Mexican Rolls


  • 12 Soft, large flour tortillas
  • 8oz Cream cheese
  • 4 Carrots, grated
  • a bunch Cilantro, chopped
  • a bunch Chives, chopped
  • a bunch Scallions, chopped
  • 2 Chiles, chopped
  • 4 Avocados, halved, pitted and sliced
  • 2 Lemons, freshly squeezed juice
  • 1/4 C The Olive Grove’s Super Premium Extra Virgin Olive Oil, such as, Hojiblanca, Arbequina or Coratina
  • Sea salt to taste
  • Freshly ground black pepper to taste


Put each tortilla on a sheet of plastic wrap. Spread with the cream cheese and then sprinkle evenly with the carrot, cilantro, chives, scallions and chiles. Flatten the topping lightly with a spatula.

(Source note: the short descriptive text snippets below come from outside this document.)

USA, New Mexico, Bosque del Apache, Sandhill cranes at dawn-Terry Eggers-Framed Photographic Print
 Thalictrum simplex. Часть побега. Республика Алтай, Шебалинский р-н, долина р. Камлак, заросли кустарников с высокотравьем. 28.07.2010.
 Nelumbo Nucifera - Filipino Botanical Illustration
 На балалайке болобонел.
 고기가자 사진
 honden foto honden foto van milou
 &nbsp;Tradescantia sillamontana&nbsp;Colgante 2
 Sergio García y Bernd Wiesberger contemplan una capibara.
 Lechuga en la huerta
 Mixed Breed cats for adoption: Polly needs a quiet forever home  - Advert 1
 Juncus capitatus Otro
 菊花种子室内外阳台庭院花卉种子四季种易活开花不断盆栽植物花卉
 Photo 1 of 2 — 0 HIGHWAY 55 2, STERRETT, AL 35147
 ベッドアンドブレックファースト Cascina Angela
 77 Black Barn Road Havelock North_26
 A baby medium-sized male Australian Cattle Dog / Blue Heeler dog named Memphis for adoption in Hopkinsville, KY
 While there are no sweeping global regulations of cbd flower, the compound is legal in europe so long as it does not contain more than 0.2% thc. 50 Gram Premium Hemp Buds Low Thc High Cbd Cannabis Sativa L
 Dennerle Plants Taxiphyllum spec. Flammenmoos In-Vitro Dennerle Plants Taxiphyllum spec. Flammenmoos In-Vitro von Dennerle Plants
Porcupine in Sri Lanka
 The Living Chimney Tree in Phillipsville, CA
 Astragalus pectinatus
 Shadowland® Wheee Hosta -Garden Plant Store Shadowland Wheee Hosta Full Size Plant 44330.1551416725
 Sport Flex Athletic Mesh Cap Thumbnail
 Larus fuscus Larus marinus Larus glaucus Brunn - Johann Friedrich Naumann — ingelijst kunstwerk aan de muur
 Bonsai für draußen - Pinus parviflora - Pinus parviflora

Put the avocado slices in a bowl and sprinkle with lemon juice, oil, salt and pepper. Arrange over the open tortillas. Roll each tortilla into a tight cylinder, using the pastic wrap to help you roll. Twist both ends in opposite directions to make a cigar shape. Chill until needed, then slice in half with the plastic wrap still on, and serve. Makes 24 servings.